TITOLO VI - ORGANI SOCIALI
B) AMMINISTRAZIONE
ART. 27 - La cooperativa può essere
amministrata da un Amministratore Unico o da un Consiglio
di Amministrazione.
Il consiglio di amministrazione è composto da tre a
quindici membri eletti dall'assemblea dei soci, di cui la
metà più uno in ogni caso non deve appartenere
alla categoria dei soci sovventori.
Gli amministratori durano in carica tre anni e sono rieleggibili;
sono dispensati dal prestare cauzioni.
Gli amministratori hanno diritto a compenso, ad essi spetta
altresì il rimborso delle spese sostenute per conto
della società nell'esercizio delle loro mansioni.
L'assemblea dei soci, sentito il Collegio Sindacale, può
assegnare agli amministratori un compenso in misura fissa,
nonchè determinare, eventualmente, un'indennità
per la cessazione della carica e deliberare le modalità
di accantonamento per il relativo fondo di quiescenza.

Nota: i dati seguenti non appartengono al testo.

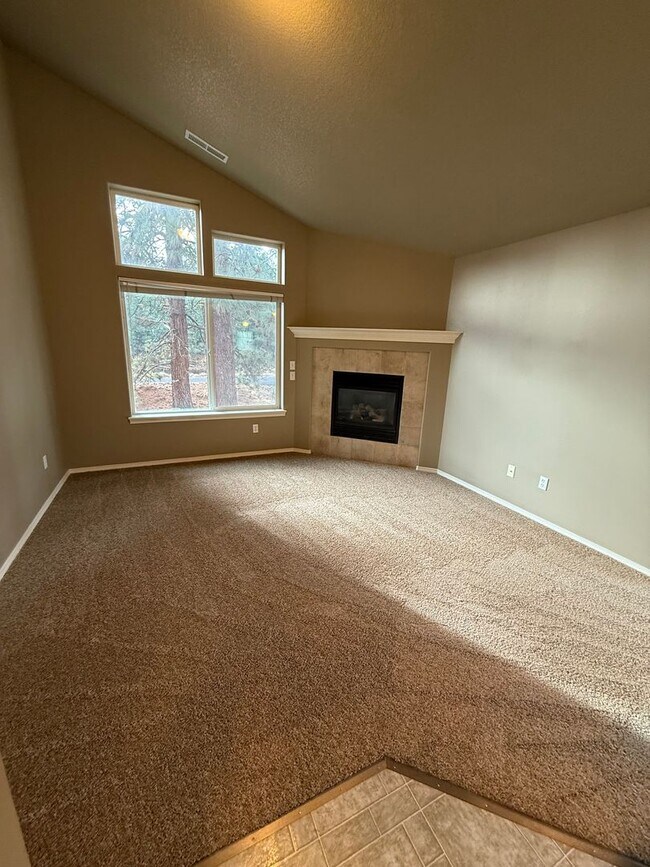 Building Photo - gar399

Spetta al consiglio, sentito il parere del collegio sindacale,
se nominato, determinare la ripartizione di tale somma, tenendo
conto di particolari compiti e mansioni attribuiti ad alcuni
degli amministratori.
In caso di nomina di un comitato esecutivo o di consiglieri
delegati il loro compenso è stabilito dal Consiglio
di amministrazione al momento della nomina.
Gli amministratori sono sempre revocabili, da parte dell'assemblea,
previa approvazione di una mozione di sfiducia motivata. In
deroga a quanto stabilito dall'art. 2383, terzo comma, c.c.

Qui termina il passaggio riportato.